The six foundational pillars of the Zero Trust model
- Identities: Verify identities with strong authentication and adhere to least privilege access principles.
- Devices: Monitor device health and compliance to mitigate security risks.
- Applications: Discover and manage all applications, including permissions and access control.
- Data: Classify, label, and encrypt data based on its attributes to ensure its protection.
- Infrastructure: Assess and secure infrastructure for vulnerabilities, configurations, and just-in-time access. Use telemetry for attack detection and protective actions.
- Networks: Implement network segmentation, micro segmentation, real-time threat protection, end-to-end encryption, monitoring, and analytics.
Encryption in cybersecurity
Encryption makes data unreadable and unusable to unauthorized viewers.
To decrypt encrypted data, a secret key is required.
Two top-level types of encryption: symmetric and asymmetric.
Symmetric encryption uses the same key for encryption and decryption.
Asymmetric encryption uses a public-private key pair and requires a paired key for decryption.
Asymmetric encryption is used for HTTPS protocol and electronic data signing.
Encryption can protect data at rest or in transit.
Encryption for data at rest
- Data at rest refers to data stored on a physical device, like a server.

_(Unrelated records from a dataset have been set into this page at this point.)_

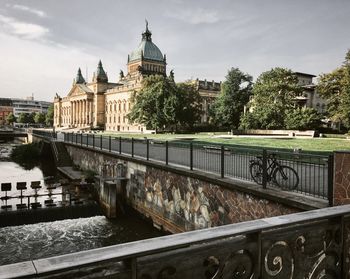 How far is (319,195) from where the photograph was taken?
7.75 meters

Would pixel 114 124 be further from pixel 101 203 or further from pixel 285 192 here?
pixel 285 192

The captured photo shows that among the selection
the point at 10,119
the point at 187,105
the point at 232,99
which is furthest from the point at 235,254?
the point at 10,119

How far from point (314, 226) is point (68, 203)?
17298 mm

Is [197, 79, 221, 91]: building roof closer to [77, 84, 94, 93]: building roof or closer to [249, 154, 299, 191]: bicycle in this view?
[77, 84, 94, 93]: building roof

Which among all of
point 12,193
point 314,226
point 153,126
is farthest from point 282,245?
point 153,126

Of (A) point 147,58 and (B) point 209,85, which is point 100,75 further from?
(B) point 209,85

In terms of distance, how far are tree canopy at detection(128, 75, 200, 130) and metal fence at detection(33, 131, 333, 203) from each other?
35.1 metres

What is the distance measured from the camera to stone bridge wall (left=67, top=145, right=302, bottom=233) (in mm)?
8859

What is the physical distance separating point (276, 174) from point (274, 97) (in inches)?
1865

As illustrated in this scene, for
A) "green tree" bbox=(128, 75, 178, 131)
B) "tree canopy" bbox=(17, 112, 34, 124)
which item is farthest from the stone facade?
"tree canopy" bbox=(17, 112, 34, 124)

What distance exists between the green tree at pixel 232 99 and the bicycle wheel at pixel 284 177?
60.7 metres

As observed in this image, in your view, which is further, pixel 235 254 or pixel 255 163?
pixel 255 163

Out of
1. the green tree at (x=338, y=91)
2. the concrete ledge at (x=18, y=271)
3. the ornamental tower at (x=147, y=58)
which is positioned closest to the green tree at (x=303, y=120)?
the green tree at (x=338, y=91)

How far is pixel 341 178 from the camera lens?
262 inches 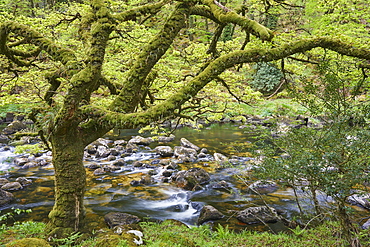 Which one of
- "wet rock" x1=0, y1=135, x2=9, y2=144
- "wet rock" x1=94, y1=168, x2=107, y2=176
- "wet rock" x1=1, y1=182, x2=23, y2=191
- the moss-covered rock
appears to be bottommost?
"wet rock" x1=0, y1=135, x2=9, y2=144

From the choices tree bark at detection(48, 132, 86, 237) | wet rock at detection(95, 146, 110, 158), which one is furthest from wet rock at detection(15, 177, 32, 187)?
tree bark at detection(48, 132, 86, 237)

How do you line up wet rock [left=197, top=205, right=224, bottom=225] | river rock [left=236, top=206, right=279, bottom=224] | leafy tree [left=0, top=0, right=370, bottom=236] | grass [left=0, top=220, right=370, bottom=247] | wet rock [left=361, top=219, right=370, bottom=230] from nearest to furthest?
1. leafy tree [left=0, top=0, right=370, bottom=236]
2. grass [left=0, top=220, right=370, bottom=247]
3. wet rock [left=361, top=219, right=370, bottom=230]
4. river rock [left=236, top=206, right=279, bottom=224]
5. wet rock [left=197, top=205, right=224, bottom=225]

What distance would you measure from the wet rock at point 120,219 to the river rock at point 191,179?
3186 millimetres

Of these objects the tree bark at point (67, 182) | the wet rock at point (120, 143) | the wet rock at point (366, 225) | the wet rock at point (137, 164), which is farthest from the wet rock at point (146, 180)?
the wet rock at point (366, 225)

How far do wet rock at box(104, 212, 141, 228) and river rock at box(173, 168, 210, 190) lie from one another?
3.19 m

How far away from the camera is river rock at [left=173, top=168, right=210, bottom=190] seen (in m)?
10.2

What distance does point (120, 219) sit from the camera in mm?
7184

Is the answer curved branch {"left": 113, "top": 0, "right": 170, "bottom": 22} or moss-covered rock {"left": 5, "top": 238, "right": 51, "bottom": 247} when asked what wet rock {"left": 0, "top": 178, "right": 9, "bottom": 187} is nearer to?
moss-covered rock {"left": 5, "top": 238, "right": 51, "bottom": 247}

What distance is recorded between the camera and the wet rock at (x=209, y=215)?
7547 millimetres

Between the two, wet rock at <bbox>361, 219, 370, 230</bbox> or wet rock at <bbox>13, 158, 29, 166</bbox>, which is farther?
Result: wet rock at <bbox>13, 158, 29, 166</bbox>

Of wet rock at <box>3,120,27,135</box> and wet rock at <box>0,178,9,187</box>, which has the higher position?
wet rock at <box>0,178,9,187</box>

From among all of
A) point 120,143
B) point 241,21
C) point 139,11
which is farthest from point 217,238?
point 120,143

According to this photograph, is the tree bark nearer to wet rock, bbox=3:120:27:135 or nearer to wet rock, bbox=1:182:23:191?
wet rock, bbox=1:182:23:191

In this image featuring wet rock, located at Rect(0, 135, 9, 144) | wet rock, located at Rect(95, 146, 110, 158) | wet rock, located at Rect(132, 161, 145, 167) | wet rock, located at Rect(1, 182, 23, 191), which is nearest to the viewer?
wet rock, located at Rect(1, 182, 23, 191) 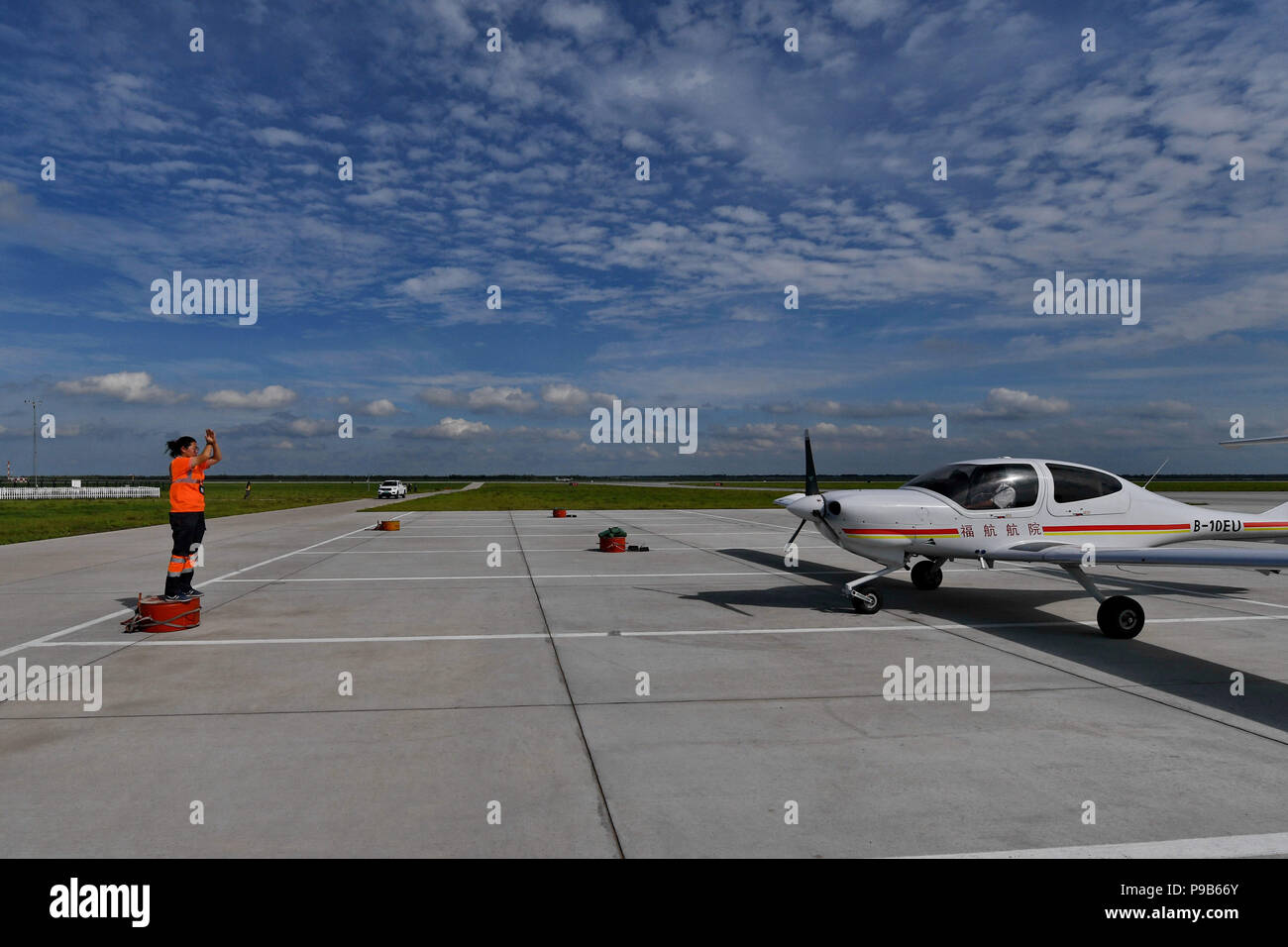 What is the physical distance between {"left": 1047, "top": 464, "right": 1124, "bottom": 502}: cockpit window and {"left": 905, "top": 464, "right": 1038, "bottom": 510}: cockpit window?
1.18 ft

- Encryption of data at rest ensures that the data is unreadable without the necessary decryption keys and secrets.
- Even if an attacker gains access to encrypted data, without the encryption keys, they cannot read the data.
- Encryption provides an additional layer of security to protect sensitive information stored on physical devices.
Encryption for data in transit:
- Data in transit refers to data moving between locations, such as over the internet or through a network.
- Encryption of data in transit ensures that the data is protected during its transmission.
- Secure transfer can be achieved by encrypting the data at the application layer or using protocols like HTTPS.
- Encryption in transit safeguards the data from unauthorized access and reduces the risk of exposure during transmission.
Encryption for data in use:
- Data in use refers to data being actively processed or accessed by the CPU or other components.
- Encryption of data in use involves securing data in nonpersistent storage, such as RAM or CPU caches.
- Technologies can create secure enclaves to protect and keep the data encrypted while it is being processed.
- Encrypting data in use helps maintain data confidentiality and prevent unauthorized access or exposure during processing.
Hashing
- Hashing converts text to a unique fixed-length value called a hash using an algorithm.
- The same text hashed with the same algorithm will always produce the same hash value.
- Hashing doesn’t use keys, and the hash value is not decrypted back to the original text.
- Hashing is commonly used to store passwords, comparing the hash of the entered password with the stored hashed version.
- Hashing is more secure than storing plain text passwords, but hackers can use brute-force attacks to guess passwords by hashing and comparing them.
- To enhance security, passwords are often “salted” by adding a random value before hashing to create unique hashes for the same input.